On March 31, We Robot 2016 will host four workshops designed by experts to help people from other disciplines get up to speed in their specialty. We hope these workshops will be attended by people who want to learn about the topics, and by people willing to share their expertise with both experts and neophytes.

Woodrow Hartzog

Woodrow Hartzog

What is a tort? Can a robot commit one? What other laws might robots break? Which agencies in Washington’s alphabet soup like the FTC, FAA, NHTSA, and others matter for robotics and why?

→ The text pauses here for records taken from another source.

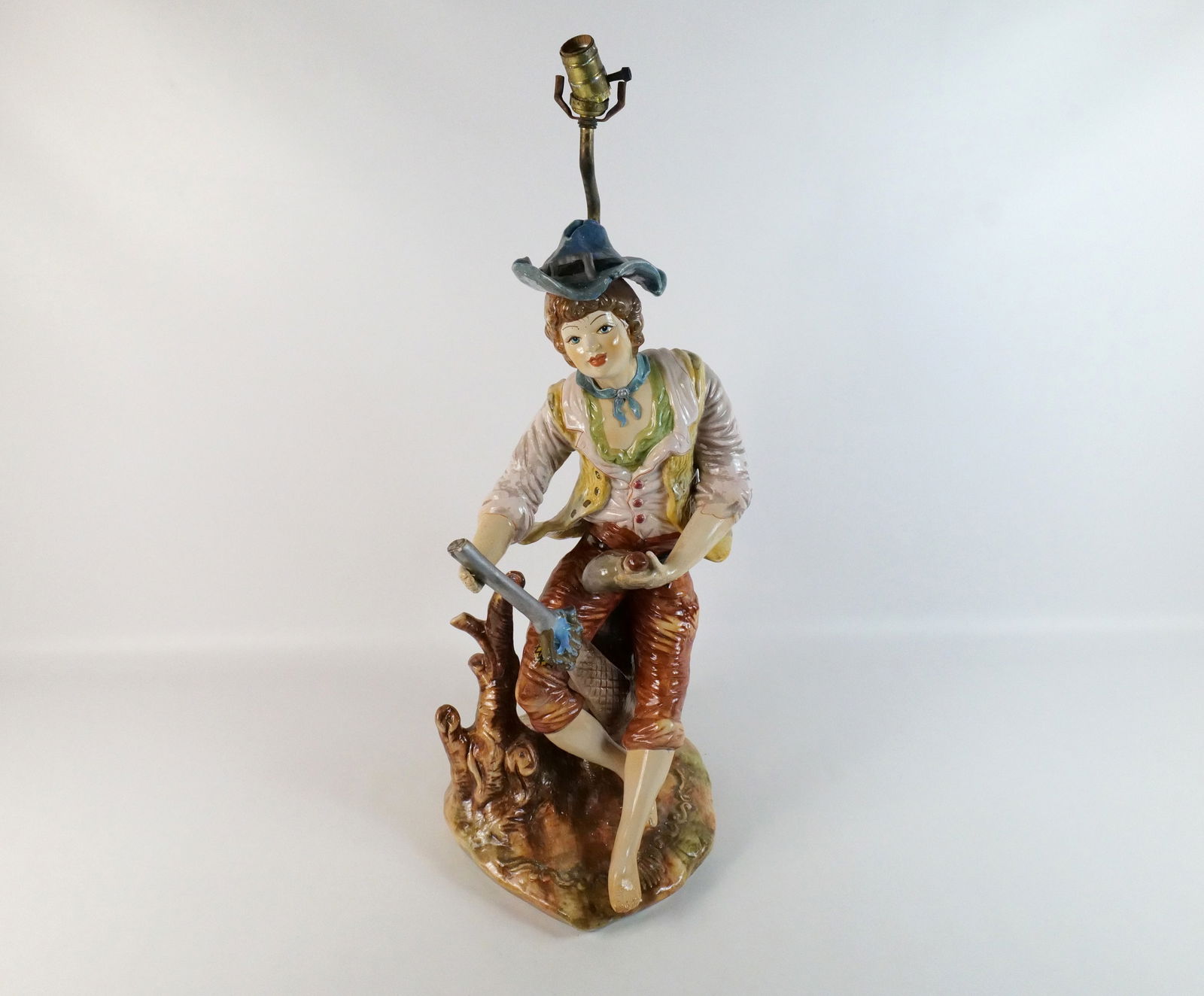 Capodimonte Figural Table Lamp: Capodimonte Figural Table Lamp. Depicting a Young Man with a Shotgun and Some Booze. Some chipping present. Measures 32" tall x 16" wide. All invoices must be paid within 24 hours of the sale. We offe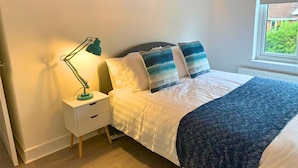 A bedroom with a bed, a nightstand, a lamp, and a window with a view of greenery. - Consett Shotley Bridge, Stylish & Modern Two Bedroom Apartment (Consett)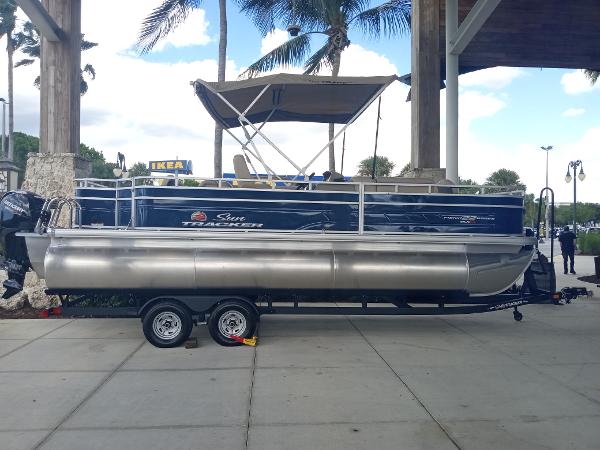 Slide: The Image of 2024 Sun Tracker Fishin' Barge 22 XP3 pontoon boat on a trailer. - 0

Is it better to lay out specific, intricate rules for robots, or should we just require that they “act reasonable?” This session will provide a foundation for asking and answering legal and policy research questions related robotics. It will cover basic legal concepts as applied to sophisticated computational technology. Not only will we cover the basic structures and laws relevant to robots, but we will review some basic principles behind why these laws exist, and what kinds of laws are useful in various contexts. The goal for this session will be to equip you with the tools necessary to ascertain the merits of robotics laws and propose alternatives for the stinkers.

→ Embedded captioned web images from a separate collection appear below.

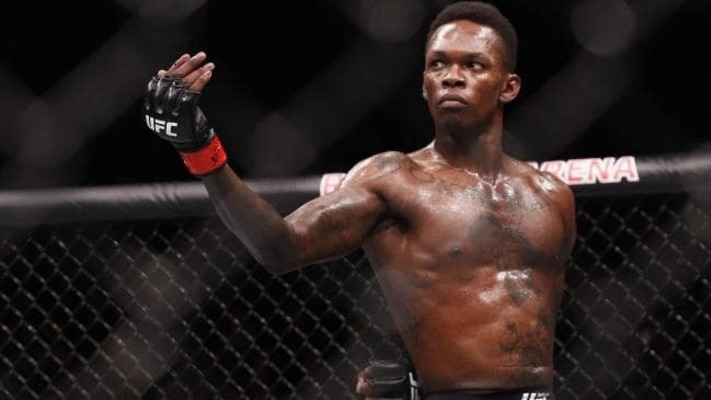 Israel Adesanya striking a pose during his fight with Anderson Silva.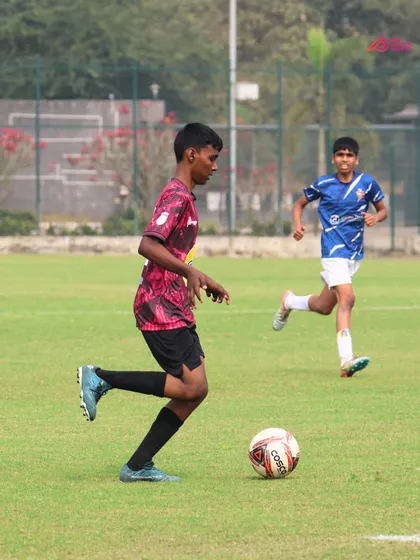 An intense moment of play as our player dribbles past an opponent during a match.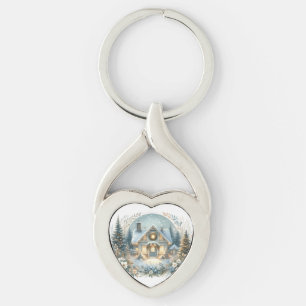 Snöig stugscen med glöd twisted heart silverfärgad nyckelring
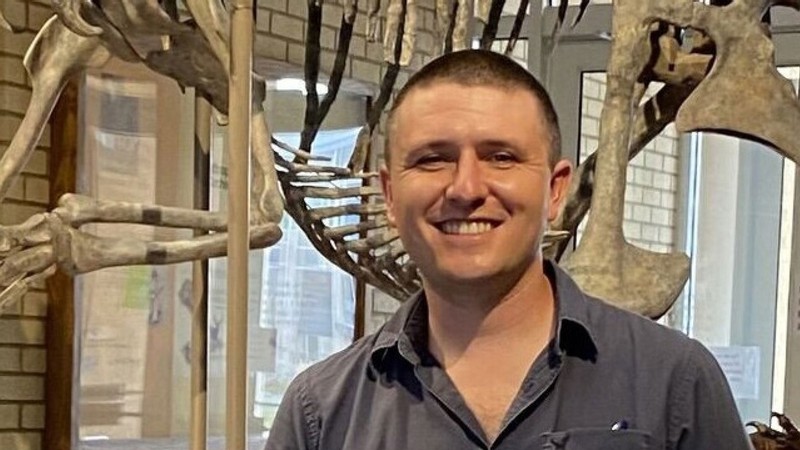 Paleontologist Josh Lively posing in front of a dinosaur skeleton.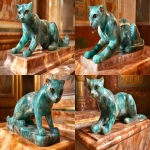 **A cat made out of aventurine on top of a polished table --chaos 25 --ar 3:2 --stylize 250 --weird 200 --v 6.1** - Variations (Strong) by <@1029767017399595109> (fast)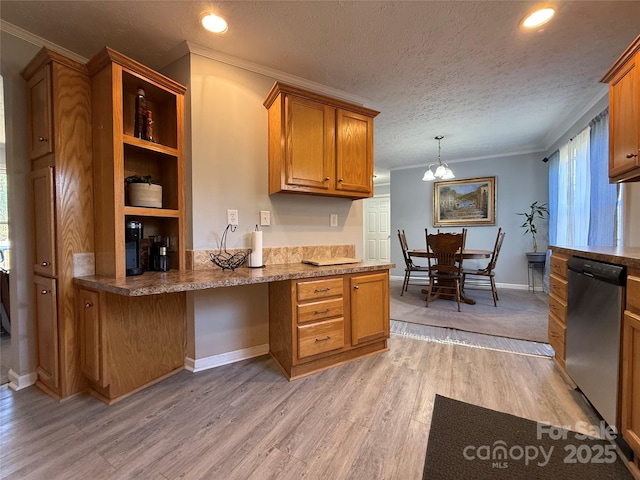 kitchen featuring built in desk, a textured ceiling, light hardwood / wood-style flooring, ornamental molding, and dishwasher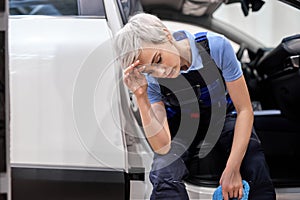 Exhausted caucasian female auto mechanic sitting insode of car after cleaning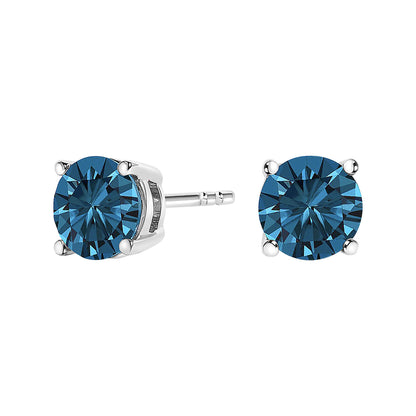 Pair of white metal stud earrings with round blue gemstones in four-prong settings, shown in a front and angled view on a white background.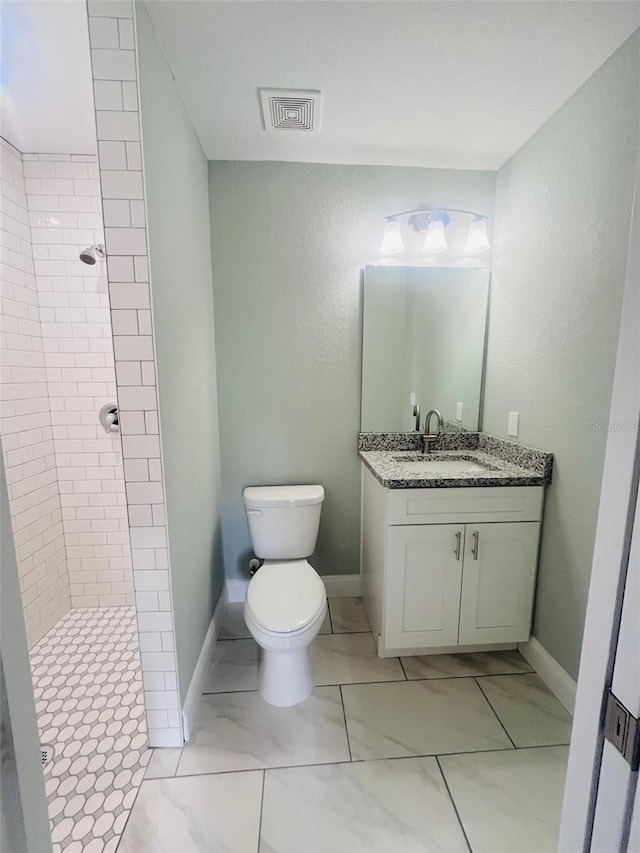 1329 Tom Watson Rd, Lakeland, FL 33801 - full bath with toilet, vanity, tiled shower, and baseboards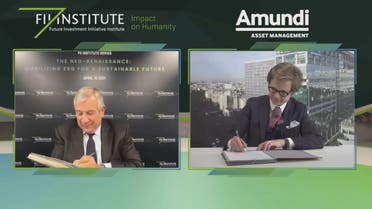 The FII Institute's Richard Attias (L) and Amundi's Jean-Jacques Barbéris sign an MoU to partner on ESG. (Supplied)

Professor Woodrow Hartzog will join We Robot 2016 to hold a workshop on Juris Machina: Legal Aspects of Robotics on Thursday, March 31st at 9:30 AM at the University of Miami Newman Alumni Center in Coral Gables, Florida. Prof. Hartzog is an internationally-recognized expert in the area of privacy, media, and robotics law. He has been quoted or referenced in numerous articles and broadcasts, including NPR, the New York Times, the Los Angeles Times, and USA Today. Prof. Hartzog’s work has been published in numerous scholarly publications such as the Columbia Law Review, California Law Review, and Michigan Law Review and popular national publications such as Wired, Bloomberg, New Scientist, The Atlantic, and The Nation. He is also a contributor to Forbesand a frequent guest contributor to LinkedIn, Concurring Opinions, and other popular blogs. Before joining the faculty at Cumberland School of Law, Prof. Hartzog worked as a trademark attorney at the United States Patent and Trademark Office in Alexandria, Virginia, and as an associate attorney at Burr & Forman LLP in Birmingham, Alabama. He also served as a clerk for the Electronic Privacy Information Center in Washington, D.C., and was a Roy H. Park Fellow, at the School of Journalism and Mass Communication at the University of North Carolina at Chapel Hill. Prof. Hartzog is an Affiliate Scholar at the Center for Internet and Society at Stanford Law School. He also serves on the advisory board of the Future of Privacy Forum.